By Andrew Beattie on February 26, 2009 A A A
Filed Under: Accounting, Balance Sheet, Bookkeeping, Financial Statements, Ledgers & Journals
Accounting is the language of business and, by extension, the language of all things financial. In the same way that our senses are needed to translate information about our surroundings into something understood by our brains, accountants are needed to translate the complexities of finance into summary numbers that the public can understand. In this article, we will follow accounting from its roots in ancient times to the modern profession that we now depend on.
Bookkeepers most likely emerged while society was still in the barter and trade system (pre-2000 B.C.) rather than a cash and commerce economy. Ledgers from these times read like narratives with dates and descriptions of trades made or terms for services rendered.
Example - Barter and Trade Bookkeeping
Monday, May 12 - In exchange for three chickens which I provided today, William Smallwood (laborer) promised a satchel of seed when the harvest is completed in the fall.
Wednesday, May 14 - Samuel Thomson (craftsman) agreed to make one chest of drawers in exchange for a year\'s worth of eggs. The eggs are to be delivered daily once the chest is finished.
All of these transactions were kept in individual ledgers, and if a dispute arose, they provided proof when matters were brought before magistrates. Although tiresome, this system of detailing every agreement was ideal because long periods of time could pass before transactions were completed.
The New and Improved Ledger - Now With Numbers!
As currencies became available and tradesmen and merchants began to build material wealth, bookkeeping also evolved. Then, as now, business sense and ability with numbers were not always found in one person, so math-phobic merchants would employ bookkeepers to keep a record of what they owed and who owed them. Up until the late 1400s, this information was still arranged in a narrative style with all the numbers in a single column whether an amount paid, owed or otherwise. This is called single-entry bookkeeping and is similar to what many of us do to keep track of our checkbooks.
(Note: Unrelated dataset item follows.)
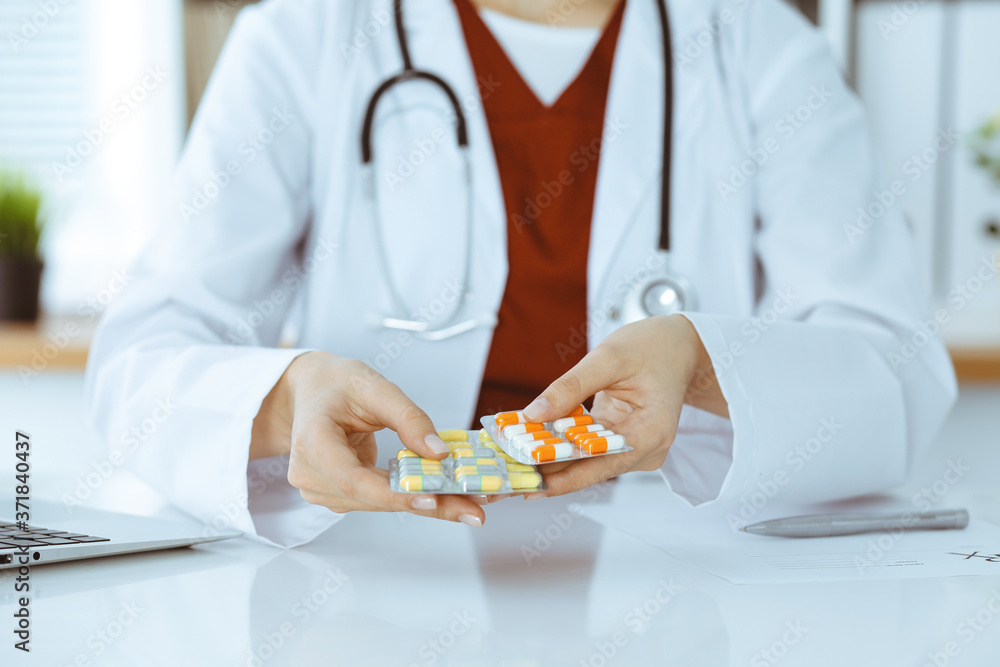 Unknown woman-doctor offering pack of different tablet blisters, close-up. Medicine concept Unknown woman-doctor offering pack of different tablet blisters, close-up. Medicine concept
Example - Single-Entry Bookkeeping
Monday, May 12
Bought one sack of seeds
Monday, May 12
Sold three chickens
Wednesday, May 14
Bought a chest of drawers
Wednesday, May 14
Sold one year\'s worth of eggs
It was necessary for the bookkeeper to read the description of each entry to decide whether to deduct or add it when calculating something as simple as monthly profit or loss. This was a very time consuming and inefficient way to go about tallying things. (To learn all about the history of money through the ages, see From Barter To Bank Notes.)
The Mathematical Monk
Continuing in the tradition of monks doing high-level scientific and philosophical research, in the 15th century, Italian monk Luca Pacioli revamped the common bookkeeping structure and laid the groundwork for modern accounting. Pacioli published a textbook in 1494 that showed the benefits of a double-entry system for bookkeeping. The idea was to list an entity's resources separately from any claims upon those resources by other entities. In the simplest form, this meant creating a balance sheet with debits and credits separated. This innovation made bookkeeping more efficient and provided a clearer picture of a company's overall strength. This picture, however, was for the owner who hired the bookkeeper only. The general public didn't get to see these records, at least not yet.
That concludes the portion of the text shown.